Profiler¶

Profile Your Data¶

Profiling your data is easy. Just use the data reader, send the data to the profiler, and print out the report.

import json
from dataprofiler import Data, Profiler

data = Data("your_file.csv") # Auto-Detect & Load: CSV, AVRO, Parquet, JSON, Text

profile = Profiler(data) # Calculate Statistics, Entity Recognition, etc

readable_report = profile.report(report_options={"output_format": "pretty"})
print(json.dumps(readable_report, indent=4))

If the data is structured, the profile will return global statistics as well as column by column statistics. The vast amount of statistics are listed on the intro page.

Load a File¶

The profiler should automatically identify the file type and load the data into a Data Class.

Along with other attributtes the Data class enables structured data to be accessed via a valid Pandas DataFrame.

# Load a csv file, return a CSVData object
csv_data = Data('your_file.csv')

# Print the first 10 rows of the csv file
print(csv_data.data.head(10))

# Load a parquet file, return a ParquetData object
parquet_data = Data('your_file.parquet')

# Sort the data by the name column
parquet_data.data.sort_values(by='name', inplace=True)
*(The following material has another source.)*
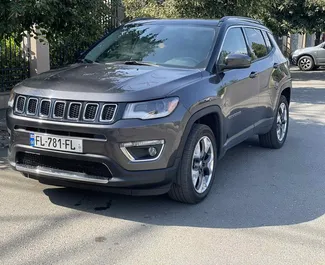 Vooraanzicht van een huurauto Jeep Compass in Tbilisi, Georgië ✓ Auto #7253. ✓ Transmissie Automatisch TM ✓ 0 beoordelingen.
# Print the sorted first 10 rows of the parquet data
print(parquet_data.data.head(10))

If the file type is not automatically identified (rare), you can specify them specifically, see section Data Readers.

Profile a File¶

Example uses a CSV file for example, but CSV, JSON, Avro or Parquet should also work.

import json
from dataprofiler import Data, Profiler

# Load file (CSV should be automatically identified)
data = Data("your_file.csv")

# Profile the dataset
profile = Profiler(data)

# Generate a report and use json to prettify.
report  = profile.report(report_options={"output_format": "pretty"})

# Print the report
print(json.dumps(report, indent=4))

Updating Profiles¶

Currently, the data profiler is equipped to update its profile in batches.

import json
from dataprofiler import Data, Profiler

# Load and profile a CSV file
data = Data("your_file.csv")
profile = Profiler(data)

# Update the profile with new data:
new_data = Data("new_data.csv")
profile.update_profile(new_data)

# Print the report using json to prettify.
report  = profile.report(report_options={"output_format": "pretty"})
print(json.dumps(report, indent=4))

Merging Profiles¶

If you have two files with the same schema (but different data), it is possible to merge the two profiles together via an addition operator.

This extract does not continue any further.